Striking differences were found between the aftertreatment systems featured in EU and US vehicles with the latter having better performing but also more complex and expensive systems in some models that otherwise use a single NOX control technology in their European market versions.
Carmakers are also failing to configure the best systems in a way that minimizes emissions. The cost of a modern diesel after-treatment system is around €300. The ICCT research shows the problem to be worse for smaller vehicles.
The European Commission and member states have signed off on new test procedures for diesel cars that will, for the first time, measure their ‘real world’ emissions under the Euro 6 standard. The new ‘real driving emissions’ (RDE) regime will see vehicles being taken out of the laboratories to be tested on roads.
T&E said the new RDE test must be quickly introduced to bring an end to ‘cycle beating’ techniques used by car manufacturers to attain emissions levels typically five times lower than actual air pollution emissions on the road for modern Euro 6 cars. Meanwhile, the car industry is trying to reopen the discussions through introducing new ‘transfer functions’ to normalise test results.
However, in a rare moment of cross-party consensus, MEPs last week warned that the introduction of the new tests should not weaken existing regulations through the backdoor. Some members of the European Parliament’s environment committee expressed concern that Euro 6 limits agreed in 2007 would be raised through the use of ‘conformity factors’. The Commission and national governments were set to agree within weeks what the limits for the RDE tests will be and from when they will apply. The new discussions concerning ‘transfer functions’ put this at risk.
The car industry’s response has been a misinformation campaign about diesel, which forced T&E to issue a special briefing, Five facts about diesel the car industry would rather not tell you. It responded to a website set up by a consortium of car manufacturers, suppliers and repairers that attempted to hide the fact that a typical new diesel car emits 10 times more nitrogen oxides than an equivalent gasoline car.

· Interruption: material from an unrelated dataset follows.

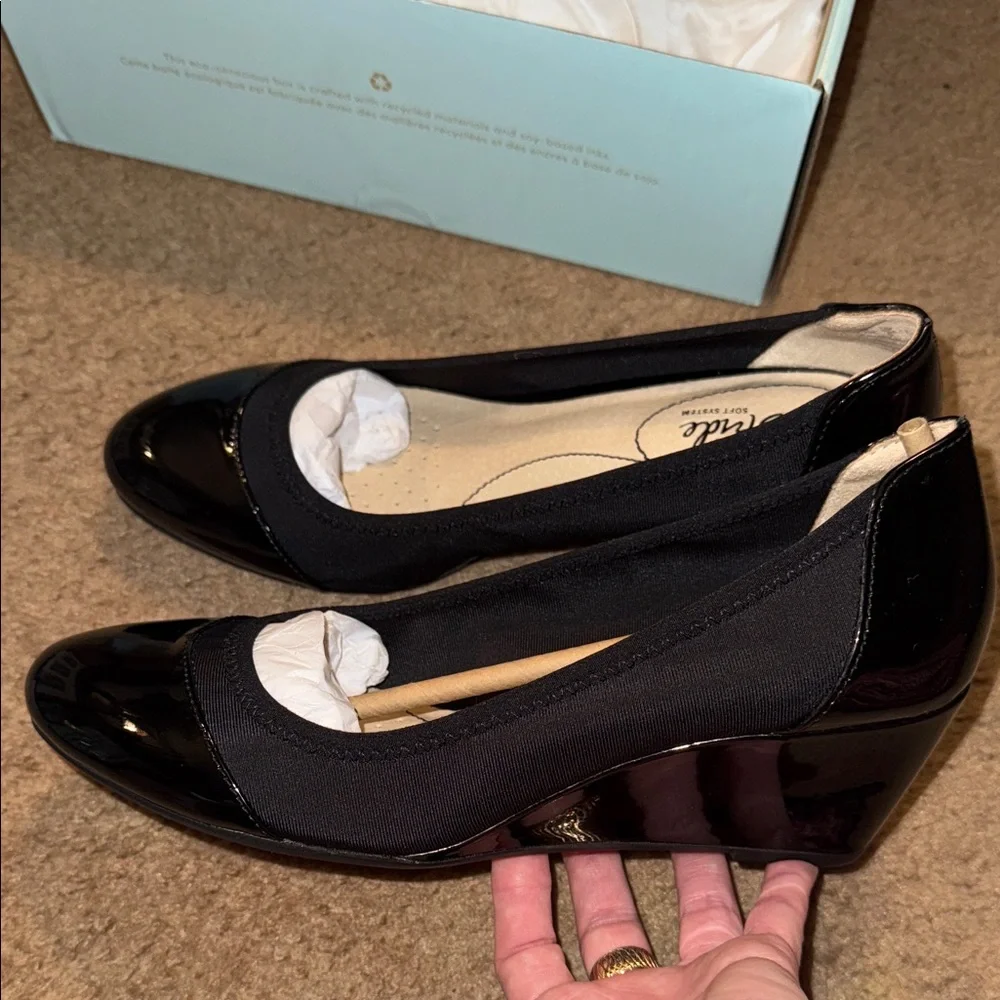 Life Stride Juliana Stretch Black Patent Wedges Size 7.5 New in Box - Picture 5 of 14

The current testing regime has seen nitrogen dioxide limits exceeded across Europe, exacerbating asthma in vulnerable people and shortening life expectancy in polluted places. In the UK, where the number of diesel cars has risen from 1.6 million to 12 million since 1994, a government health agency found that thousands of people suffered attacks when smog full of tiny particles and nitrogen dioxide (NO2) gas typical of diesel emissions descended last spring. Estimates of the number of premature deaths in London also doubled once nitrogen dioxide effects were incorporated into the analysis.